Segment Start: Available records

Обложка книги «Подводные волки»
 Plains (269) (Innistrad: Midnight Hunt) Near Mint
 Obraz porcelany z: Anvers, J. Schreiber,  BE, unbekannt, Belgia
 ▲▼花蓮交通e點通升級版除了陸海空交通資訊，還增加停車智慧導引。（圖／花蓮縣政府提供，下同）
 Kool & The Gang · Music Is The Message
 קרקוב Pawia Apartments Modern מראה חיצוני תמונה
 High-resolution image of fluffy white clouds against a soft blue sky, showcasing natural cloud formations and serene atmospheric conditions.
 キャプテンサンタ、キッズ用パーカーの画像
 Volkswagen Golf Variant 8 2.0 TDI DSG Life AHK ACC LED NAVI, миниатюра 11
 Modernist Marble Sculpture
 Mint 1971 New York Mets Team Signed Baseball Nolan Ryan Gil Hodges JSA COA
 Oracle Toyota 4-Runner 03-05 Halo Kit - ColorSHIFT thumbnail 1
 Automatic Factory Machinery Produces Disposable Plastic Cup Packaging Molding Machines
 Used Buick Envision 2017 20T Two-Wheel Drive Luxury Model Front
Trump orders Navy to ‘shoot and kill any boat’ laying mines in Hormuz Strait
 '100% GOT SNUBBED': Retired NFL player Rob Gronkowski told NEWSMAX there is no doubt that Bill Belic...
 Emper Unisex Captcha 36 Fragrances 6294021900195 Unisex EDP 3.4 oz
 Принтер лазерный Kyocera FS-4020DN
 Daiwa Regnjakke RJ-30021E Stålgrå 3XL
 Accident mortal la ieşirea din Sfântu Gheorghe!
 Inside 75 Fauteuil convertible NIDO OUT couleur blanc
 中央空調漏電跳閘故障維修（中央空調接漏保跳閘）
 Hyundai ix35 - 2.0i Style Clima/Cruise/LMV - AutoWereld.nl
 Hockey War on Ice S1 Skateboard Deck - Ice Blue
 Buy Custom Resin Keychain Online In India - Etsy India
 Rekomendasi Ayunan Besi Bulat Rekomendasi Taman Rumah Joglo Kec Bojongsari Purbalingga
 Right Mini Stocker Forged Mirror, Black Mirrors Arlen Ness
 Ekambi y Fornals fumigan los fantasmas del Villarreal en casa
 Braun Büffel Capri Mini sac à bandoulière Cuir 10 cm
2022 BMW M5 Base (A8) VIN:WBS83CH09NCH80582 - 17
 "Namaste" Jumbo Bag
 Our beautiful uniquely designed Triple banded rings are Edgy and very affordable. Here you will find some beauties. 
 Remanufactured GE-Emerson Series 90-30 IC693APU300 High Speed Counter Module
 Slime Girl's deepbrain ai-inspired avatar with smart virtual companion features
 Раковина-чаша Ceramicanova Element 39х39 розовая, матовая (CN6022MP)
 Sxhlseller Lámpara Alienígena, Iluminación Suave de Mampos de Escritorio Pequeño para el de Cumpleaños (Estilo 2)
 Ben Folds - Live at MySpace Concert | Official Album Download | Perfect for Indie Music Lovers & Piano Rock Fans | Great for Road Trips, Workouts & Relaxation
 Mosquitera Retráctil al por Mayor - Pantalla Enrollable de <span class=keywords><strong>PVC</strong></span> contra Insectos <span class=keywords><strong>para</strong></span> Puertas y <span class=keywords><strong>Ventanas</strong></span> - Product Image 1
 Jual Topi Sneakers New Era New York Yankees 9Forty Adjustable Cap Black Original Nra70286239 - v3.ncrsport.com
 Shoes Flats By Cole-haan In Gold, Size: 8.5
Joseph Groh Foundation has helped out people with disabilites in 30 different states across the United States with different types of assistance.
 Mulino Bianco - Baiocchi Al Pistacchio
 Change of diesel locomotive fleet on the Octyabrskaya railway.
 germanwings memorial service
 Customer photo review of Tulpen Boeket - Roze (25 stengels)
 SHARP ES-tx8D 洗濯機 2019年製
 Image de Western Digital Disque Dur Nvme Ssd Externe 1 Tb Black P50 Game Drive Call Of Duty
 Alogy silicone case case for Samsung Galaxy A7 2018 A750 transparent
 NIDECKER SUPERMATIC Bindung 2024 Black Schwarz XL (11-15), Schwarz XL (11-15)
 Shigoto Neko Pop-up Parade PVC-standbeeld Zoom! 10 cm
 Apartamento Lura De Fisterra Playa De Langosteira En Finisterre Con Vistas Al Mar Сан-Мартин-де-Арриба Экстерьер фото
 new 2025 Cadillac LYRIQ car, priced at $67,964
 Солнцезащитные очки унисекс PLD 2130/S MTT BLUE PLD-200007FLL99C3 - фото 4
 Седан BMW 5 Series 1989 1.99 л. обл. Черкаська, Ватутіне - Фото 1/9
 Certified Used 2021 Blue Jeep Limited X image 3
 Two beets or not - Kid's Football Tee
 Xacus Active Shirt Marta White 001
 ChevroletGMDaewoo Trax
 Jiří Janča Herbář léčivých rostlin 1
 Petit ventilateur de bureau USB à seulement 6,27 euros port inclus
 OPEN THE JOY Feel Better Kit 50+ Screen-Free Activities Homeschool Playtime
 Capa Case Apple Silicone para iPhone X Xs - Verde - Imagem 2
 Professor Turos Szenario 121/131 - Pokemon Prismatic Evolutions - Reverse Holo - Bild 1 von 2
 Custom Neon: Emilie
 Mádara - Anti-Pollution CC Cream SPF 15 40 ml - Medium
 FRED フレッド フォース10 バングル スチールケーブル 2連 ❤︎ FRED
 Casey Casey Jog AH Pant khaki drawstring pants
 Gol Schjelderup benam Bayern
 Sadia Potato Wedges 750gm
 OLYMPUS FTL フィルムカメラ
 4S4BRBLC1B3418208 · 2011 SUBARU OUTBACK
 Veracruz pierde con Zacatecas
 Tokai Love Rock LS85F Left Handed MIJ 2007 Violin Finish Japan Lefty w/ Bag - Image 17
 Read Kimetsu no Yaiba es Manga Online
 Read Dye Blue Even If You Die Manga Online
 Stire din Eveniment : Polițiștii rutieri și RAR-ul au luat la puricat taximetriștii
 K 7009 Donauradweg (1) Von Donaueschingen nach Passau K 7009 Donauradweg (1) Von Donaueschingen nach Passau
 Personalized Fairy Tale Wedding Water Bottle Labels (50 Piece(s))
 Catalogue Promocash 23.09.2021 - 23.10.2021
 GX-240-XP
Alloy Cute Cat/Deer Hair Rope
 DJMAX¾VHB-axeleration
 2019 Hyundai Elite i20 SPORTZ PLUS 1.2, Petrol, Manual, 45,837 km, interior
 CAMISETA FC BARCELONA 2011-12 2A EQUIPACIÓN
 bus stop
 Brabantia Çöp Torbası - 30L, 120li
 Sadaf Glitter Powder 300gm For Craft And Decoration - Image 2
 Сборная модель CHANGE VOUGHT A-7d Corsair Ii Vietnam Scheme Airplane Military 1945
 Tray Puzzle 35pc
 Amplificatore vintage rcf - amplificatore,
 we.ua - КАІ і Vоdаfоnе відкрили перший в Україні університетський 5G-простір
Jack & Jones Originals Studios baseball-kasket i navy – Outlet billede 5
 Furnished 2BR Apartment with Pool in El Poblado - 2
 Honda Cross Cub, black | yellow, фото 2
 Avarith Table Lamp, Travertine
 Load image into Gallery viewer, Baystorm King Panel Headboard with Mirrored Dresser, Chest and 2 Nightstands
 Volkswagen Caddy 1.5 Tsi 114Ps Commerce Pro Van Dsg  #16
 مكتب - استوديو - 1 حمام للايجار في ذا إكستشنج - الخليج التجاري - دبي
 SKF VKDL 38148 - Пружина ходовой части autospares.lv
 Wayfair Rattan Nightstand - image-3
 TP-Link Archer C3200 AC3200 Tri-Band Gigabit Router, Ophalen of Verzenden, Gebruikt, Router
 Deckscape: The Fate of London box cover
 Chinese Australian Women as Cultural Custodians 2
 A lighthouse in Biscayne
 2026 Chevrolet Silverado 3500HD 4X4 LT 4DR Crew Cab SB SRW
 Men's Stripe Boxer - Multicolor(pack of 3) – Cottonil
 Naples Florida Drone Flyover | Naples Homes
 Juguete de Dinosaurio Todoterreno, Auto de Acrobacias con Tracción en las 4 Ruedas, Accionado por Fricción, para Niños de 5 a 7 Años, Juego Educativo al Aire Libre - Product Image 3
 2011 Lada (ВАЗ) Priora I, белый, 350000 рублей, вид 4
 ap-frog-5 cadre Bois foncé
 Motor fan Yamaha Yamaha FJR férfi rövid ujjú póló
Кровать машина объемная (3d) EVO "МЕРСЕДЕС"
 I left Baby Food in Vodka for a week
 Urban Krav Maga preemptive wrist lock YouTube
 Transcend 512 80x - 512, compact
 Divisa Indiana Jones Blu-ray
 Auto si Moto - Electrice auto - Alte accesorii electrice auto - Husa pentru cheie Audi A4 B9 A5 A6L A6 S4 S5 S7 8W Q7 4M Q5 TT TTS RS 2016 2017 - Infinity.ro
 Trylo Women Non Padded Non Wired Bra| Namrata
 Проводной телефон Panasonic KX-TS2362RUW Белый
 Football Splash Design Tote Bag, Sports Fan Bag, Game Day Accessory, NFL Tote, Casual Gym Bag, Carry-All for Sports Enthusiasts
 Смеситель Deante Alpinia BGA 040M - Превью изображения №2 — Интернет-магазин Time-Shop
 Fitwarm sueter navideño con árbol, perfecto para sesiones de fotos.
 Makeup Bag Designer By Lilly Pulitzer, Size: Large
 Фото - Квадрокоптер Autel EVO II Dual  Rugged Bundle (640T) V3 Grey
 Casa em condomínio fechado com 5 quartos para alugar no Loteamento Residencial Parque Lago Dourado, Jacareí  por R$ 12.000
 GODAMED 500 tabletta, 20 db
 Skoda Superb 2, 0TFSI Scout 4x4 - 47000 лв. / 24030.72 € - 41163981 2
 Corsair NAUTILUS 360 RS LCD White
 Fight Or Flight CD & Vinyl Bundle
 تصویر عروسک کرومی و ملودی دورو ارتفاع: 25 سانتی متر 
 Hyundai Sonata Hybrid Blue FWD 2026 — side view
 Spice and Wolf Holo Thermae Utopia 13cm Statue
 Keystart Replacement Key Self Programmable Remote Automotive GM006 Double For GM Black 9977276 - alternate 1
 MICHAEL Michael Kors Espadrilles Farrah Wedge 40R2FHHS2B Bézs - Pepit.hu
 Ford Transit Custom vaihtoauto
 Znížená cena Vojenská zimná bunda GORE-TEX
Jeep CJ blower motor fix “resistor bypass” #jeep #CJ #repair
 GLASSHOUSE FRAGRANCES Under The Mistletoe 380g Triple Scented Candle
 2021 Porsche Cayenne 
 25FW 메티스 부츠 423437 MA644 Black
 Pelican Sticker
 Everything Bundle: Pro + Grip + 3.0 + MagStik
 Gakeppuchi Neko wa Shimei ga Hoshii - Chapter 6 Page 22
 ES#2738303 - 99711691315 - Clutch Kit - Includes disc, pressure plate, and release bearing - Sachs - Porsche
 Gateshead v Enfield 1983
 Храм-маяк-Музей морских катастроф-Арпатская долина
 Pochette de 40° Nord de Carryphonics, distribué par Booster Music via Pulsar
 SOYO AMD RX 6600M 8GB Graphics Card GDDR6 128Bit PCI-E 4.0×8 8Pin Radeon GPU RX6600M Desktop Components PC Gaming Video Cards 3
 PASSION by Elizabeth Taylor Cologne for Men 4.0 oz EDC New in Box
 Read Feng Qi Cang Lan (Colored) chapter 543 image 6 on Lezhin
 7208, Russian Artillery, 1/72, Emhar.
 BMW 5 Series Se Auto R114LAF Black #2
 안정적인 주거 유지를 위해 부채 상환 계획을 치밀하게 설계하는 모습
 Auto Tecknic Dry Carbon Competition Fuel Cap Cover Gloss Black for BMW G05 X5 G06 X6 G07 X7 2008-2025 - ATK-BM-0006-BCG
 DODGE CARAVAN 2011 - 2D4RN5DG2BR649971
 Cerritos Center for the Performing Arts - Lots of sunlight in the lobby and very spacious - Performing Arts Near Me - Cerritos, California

Segment End: Available records

#### [Assignment]
Find "Hyundai" in the preceding records. Copy each line that holds it.

#### [Problem solution]
 Hyundai ix35 - 2.0i Style Clima/Cruise/LMV - AutoWereld.nl
 2019 Hyundai Elite i20 SPORTZ PLUS 1.2, Petrol, Manual, 45,837 km, interior
 Hyundai Sonata Hybrid Blue FWD 2026 — side view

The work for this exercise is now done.